Material for this exercise
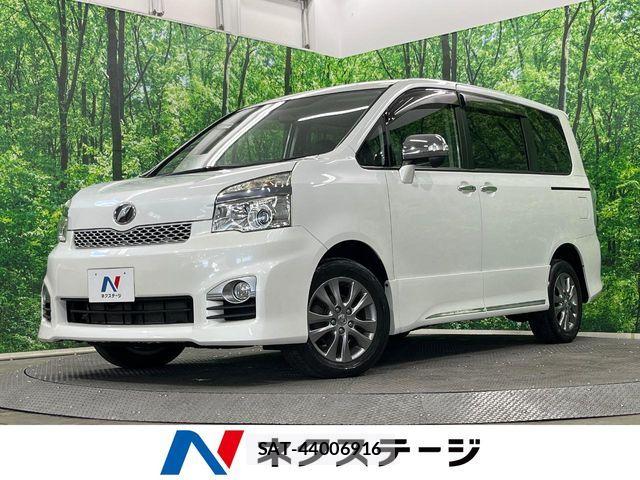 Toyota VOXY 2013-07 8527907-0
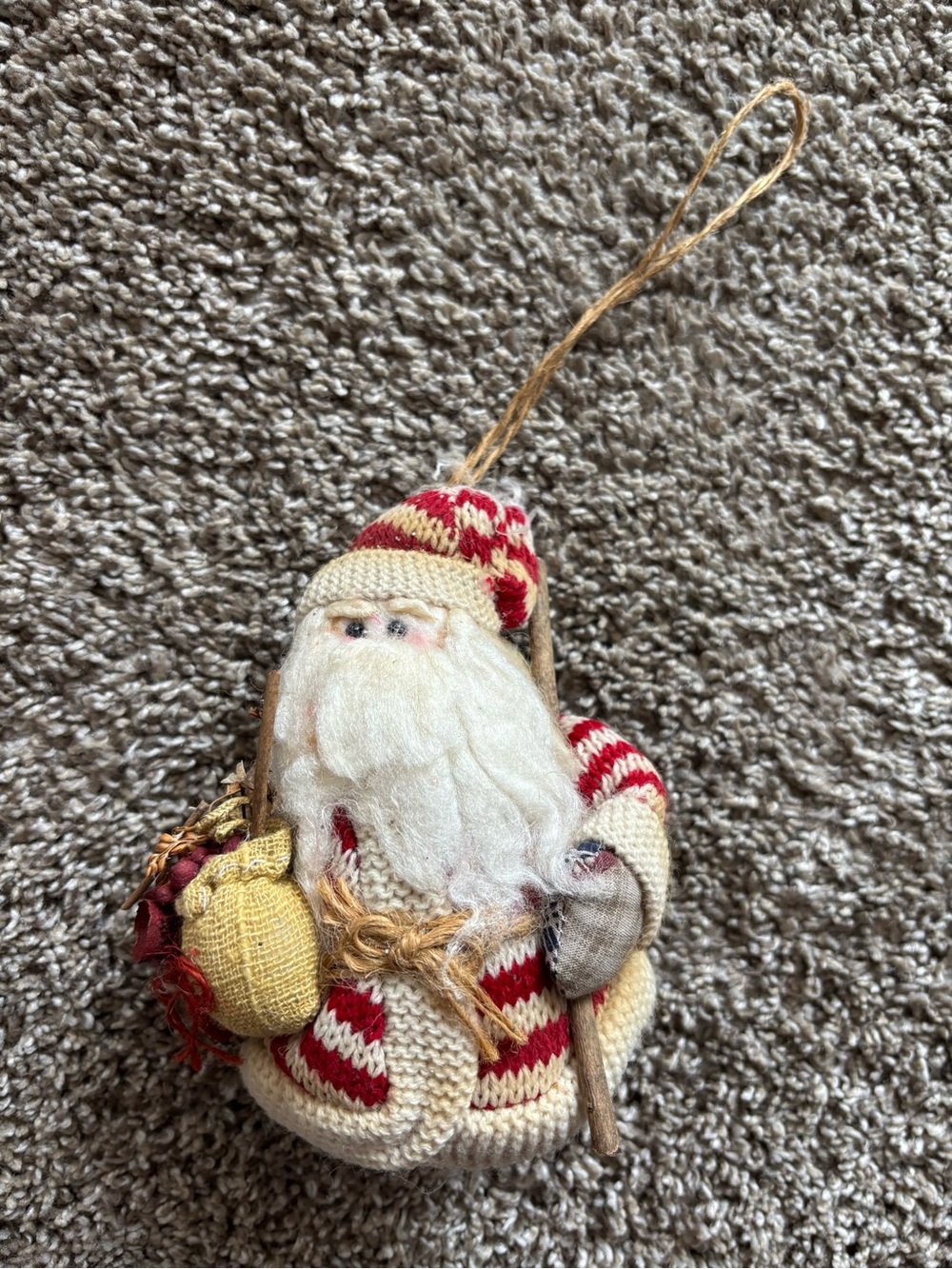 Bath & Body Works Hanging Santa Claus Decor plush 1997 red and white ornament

--

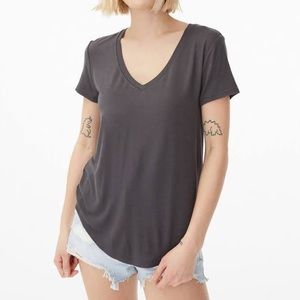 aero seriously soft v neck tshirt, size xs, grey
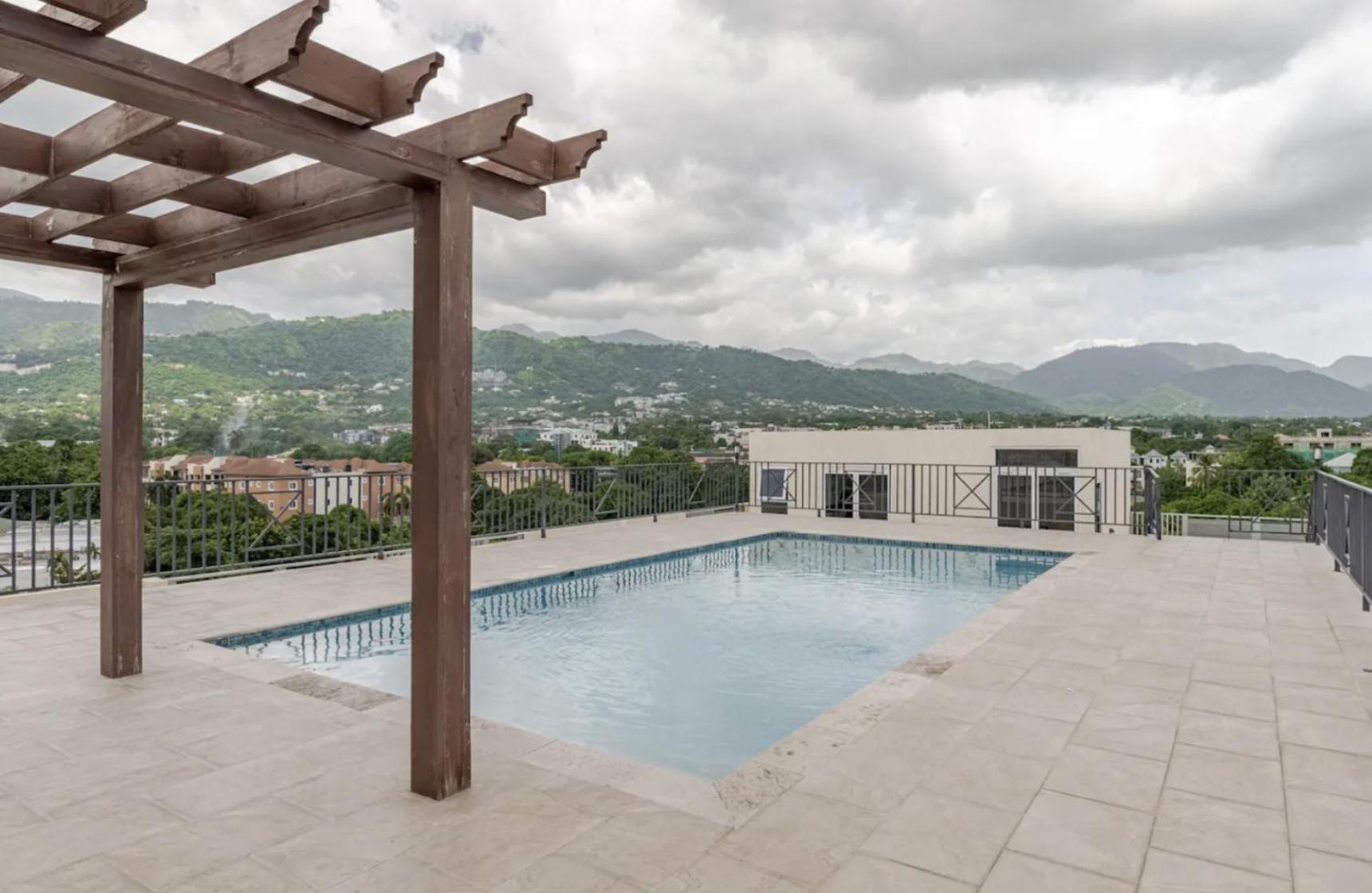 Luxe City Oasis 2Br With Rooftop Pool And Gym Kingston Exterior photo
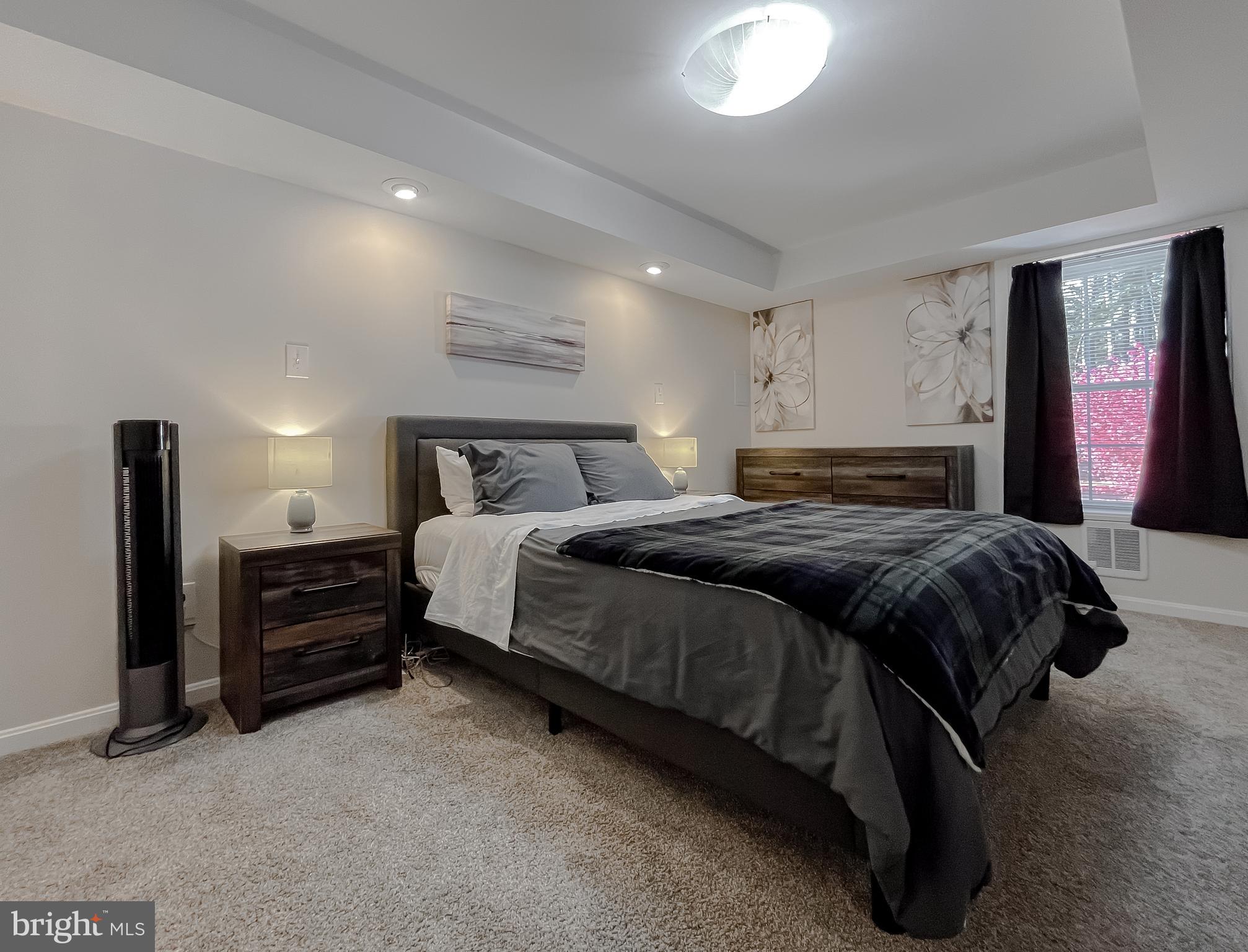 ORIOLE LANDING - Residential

---

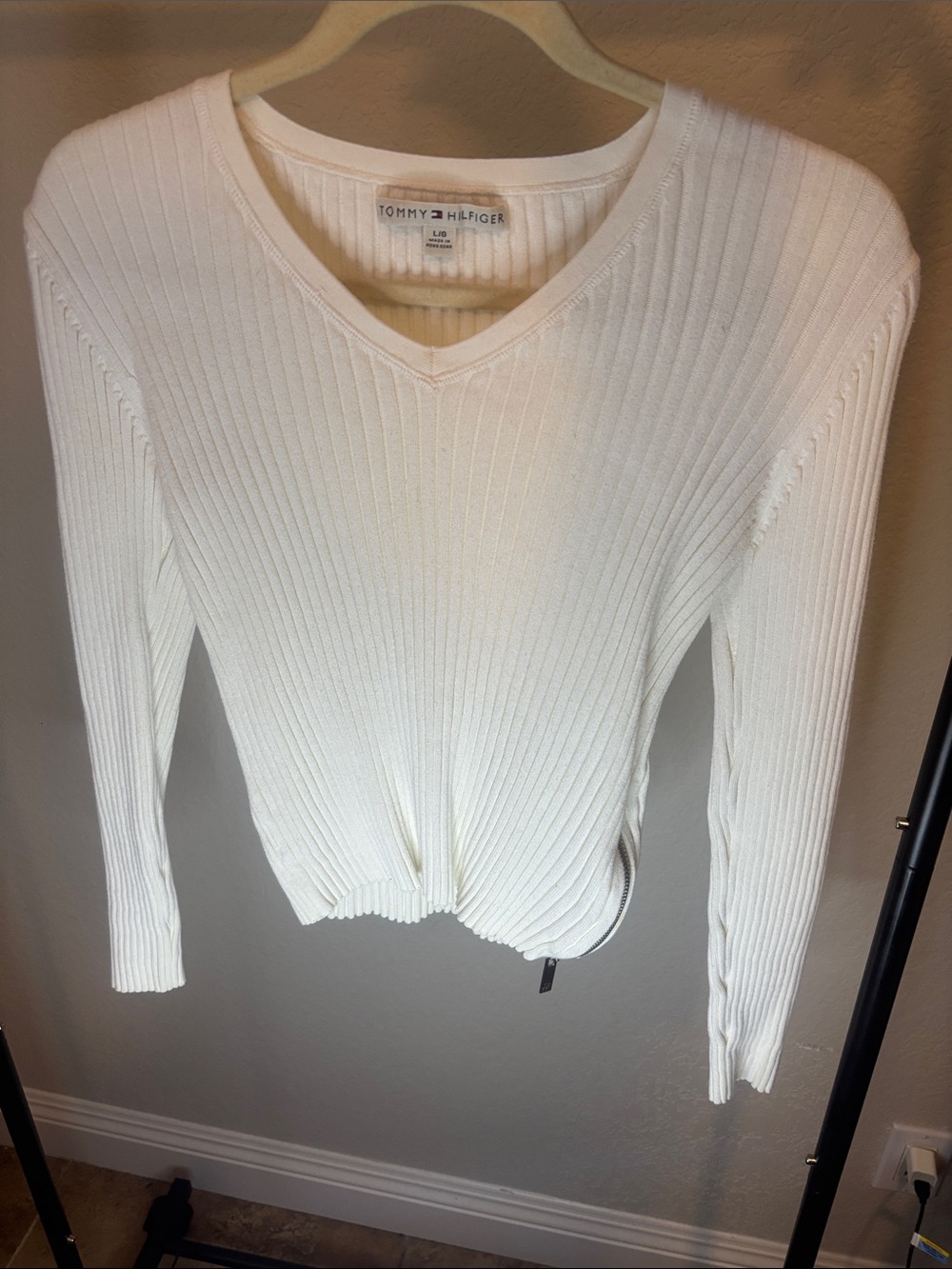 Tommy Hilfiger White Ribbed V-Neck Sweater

Task
Given the records above, return the lines starting at the one that holds "aero seriously soft" and ending at the one that holds "ORIOLE LANDING - Residential", exactly, and nothing besides; leave every picture out.

Answer
 aero seriously soft v neck tshirt, size xs, grey
 Luxe City Oasis 2Br With Rooftop Pool And Gym Kingston Exterior photo
 ORIOLE LANDING - Residential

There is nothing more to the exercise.